Podemos concluir estas alusiones sobre la ética en Internet con una hermosa síntesis
en la que se aplican las virtudes cardinales a los inmensos horizontes del mundo
digital. Tal síntesis está tomado de un documento ya citado varias veces, “Iglesia e
Internet”. Los textos reproducidos entre comillas corresponden al n. 12 del mismo.
En primer lugar, para un buen uso de Internet hace falta prudencia, “para ver
claramente las implicaciones -el potencial para el bien y para el mal- de este nuevo
medio y responder creativamente a sus desafíos y oportunidades”.
En segundo lugar, hay que recurrir a la justicia, “especialmente justicia en el trabajo
de cerrar la brecha digital, la separación entre ricos y pobres en información en el
mundo actual”, a través de una auténtica “globalización de la solidaridad”. Podemos
añadir aquí, respecto de la solidaridad, lo que también se dice en “Ética en Internet”
(nn. 3-5, 11, 13-15, 17).
En tercer lugar, es necesaria la fortaleza, con la que resulta posible “defender la
verdad frente al relativismo religioso y moral, el altruismo y la generosidad frente al
consumismo individualista, y la decencia frente a la sensualidad y el pecado”.

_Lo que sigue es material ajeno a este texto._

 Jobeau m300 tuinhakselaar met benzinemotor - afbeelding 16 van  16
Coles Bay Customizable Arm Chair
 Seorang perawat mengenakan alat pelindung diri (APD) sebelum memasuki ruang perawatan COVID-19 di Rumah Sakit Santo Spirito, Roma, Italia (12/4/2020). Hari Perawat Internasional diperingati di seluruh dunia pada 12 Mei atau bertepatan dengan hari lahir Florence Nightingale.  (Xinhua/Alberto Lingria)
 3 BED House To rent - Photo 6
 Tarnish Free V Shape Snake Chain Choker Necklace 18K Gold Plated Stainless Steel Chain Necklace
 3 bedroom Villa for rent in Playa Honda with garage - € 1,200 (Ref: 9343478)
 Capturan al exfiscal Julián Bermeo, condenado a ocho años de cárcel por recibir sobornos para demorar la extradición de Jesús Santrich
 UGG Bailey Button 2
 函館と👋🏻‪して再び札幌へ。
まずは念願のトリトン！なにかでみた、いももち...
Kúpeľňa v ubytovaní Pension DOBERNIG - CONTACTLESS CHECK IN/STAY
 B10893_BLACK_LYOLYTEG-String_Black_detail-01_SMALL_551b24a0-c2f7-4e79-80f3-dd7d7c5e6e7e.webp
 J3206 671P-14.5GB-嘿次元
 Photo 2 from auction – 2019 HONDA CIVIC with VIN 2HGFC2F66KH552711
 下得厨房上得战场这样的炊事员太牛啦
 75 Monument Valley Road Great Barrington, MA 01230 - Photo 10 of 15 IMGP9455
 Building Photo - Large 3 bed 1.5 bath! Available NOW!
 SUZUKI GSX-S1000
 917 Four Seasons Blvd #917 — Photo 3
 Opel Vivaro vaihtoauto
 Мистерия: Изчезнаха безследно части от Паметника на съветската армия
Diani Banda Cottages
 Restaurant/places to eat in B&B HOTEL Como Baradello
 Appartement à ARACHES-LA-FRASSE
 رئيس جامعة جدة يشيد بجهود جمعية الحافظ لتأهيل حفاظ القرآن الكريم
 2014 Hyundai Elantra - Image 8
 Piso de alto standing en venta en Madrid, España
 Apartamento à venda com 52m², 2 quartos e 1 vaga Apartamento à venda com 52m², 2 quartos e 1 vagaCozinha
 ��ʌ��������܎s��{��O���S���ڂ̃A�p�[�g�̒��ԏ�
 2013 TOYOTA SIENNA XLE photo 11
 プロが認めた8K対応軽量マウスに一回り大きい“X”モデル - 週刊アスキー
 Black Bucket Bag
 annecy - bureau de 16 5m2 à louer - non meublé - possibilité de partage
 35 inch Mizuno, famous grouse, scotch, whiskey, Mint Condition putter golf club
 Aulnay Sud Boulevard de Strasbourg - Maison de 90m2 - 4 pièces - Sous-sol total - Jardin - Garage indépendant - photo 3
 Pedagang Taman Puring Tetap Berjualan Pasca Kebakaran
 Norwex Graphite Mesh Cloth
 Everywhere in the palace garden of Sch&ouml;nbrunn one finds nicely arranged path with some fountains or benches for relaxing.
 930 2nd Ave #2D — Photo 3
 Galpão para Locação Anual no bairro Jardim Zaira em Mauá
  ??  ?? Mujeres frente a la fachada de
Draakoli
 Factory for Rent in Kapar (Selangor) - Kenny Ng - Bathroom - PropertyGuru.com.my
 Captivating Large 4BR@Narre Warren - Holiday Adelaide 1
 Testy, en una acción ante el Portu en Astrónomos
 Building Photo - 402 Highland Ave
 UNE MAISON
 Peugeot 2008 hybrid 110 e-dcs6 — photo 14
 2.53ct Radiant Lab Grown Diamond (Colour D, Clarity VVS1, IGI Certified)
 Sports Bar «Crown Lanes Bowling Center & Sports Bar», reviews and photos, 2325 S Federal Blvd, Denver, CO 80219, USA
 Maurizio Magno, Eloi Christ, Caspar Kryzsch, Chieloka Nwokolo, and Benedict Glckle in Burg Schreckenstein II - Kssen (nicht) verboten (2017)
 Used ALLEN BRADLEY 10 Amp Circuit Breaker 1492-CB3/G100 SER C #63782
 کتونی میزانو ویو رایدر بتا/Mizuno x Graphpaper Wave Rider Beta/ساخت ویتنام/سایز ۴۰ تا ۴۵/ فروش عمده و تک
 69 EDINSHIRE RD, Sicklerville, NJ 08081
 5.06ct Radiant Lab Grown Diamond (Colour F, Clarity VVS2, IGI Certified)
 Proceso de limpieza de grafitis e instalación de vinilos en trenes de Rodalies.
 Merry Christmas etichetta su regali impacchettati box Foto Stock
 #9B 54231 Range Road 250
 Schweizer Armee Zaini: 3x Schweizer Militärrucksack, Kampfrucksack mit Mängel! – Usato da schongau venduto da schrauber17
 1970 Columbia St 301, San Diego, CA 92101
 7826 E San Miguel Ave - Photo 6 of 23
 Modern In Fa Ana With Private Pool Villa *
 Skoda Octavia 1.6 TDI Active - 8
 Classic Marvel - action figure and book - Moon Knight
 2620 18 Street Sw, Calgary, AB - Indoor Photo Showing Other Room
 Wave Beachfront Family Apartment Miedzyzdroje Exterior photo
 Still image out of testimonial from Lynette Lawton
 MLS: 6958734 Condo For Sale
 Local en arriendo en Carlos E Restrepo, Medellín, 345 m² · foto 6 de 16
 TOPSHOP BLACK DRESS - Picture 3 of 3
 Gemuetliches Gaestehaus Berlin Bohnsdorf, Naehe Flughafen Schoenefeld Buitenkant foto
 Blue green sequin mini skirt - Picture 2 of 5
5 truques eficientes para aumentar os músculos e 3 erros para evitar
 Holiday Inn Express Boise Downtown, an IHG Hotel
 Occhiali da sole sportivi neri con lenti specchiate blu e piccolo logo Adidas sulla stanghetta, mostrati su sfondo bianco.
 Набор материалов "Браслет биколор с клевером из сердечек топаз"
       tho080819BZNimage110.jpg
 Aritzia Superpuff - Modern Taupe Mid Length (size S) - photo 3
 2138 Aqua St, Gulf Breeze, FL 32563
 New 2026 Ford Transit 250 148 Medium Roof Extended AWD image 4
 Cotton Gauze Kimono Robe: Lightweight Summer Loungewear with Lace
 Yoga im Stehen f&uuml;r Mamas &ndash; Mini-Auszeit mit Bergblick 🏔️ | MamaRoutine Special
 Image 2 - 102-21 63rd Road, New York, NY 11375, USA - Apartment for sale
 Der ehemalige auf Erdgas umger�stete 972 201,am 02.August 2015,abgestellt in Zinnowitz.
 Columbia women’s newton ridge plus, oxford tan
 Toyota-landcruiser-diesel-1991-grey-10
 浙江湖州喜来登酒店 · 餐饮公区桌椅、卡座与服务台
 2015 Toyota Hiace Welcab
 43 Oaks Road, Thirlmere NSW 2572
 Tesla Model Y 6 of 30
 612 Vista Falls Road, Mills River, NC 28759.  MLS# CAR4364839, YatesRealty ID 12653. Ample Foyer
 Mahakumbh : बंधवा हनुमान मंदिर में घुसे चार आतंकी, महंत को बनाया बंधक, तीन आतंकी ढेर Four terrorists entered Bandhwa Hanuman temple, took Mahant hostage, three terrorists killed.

Por último, hace falta “templanza, autodisciplina ante este formidable instrumento
tecnológico que es Internet, para usarlo con sabiduría y exclusivamente para el bien”.
Las cuatro virtudes, por lo tanto, valen también para Internet. Con ellas será posible
un uso adecuado de este nuevo instrumento, con el que no sólo trabajaremos en la
construcción de un mundo más justo, sino que estimularemos y fomentaremos aquellas
disposiciones y conocimientos que preparan a los seres humanos al encuentro, definitivo, con Dios.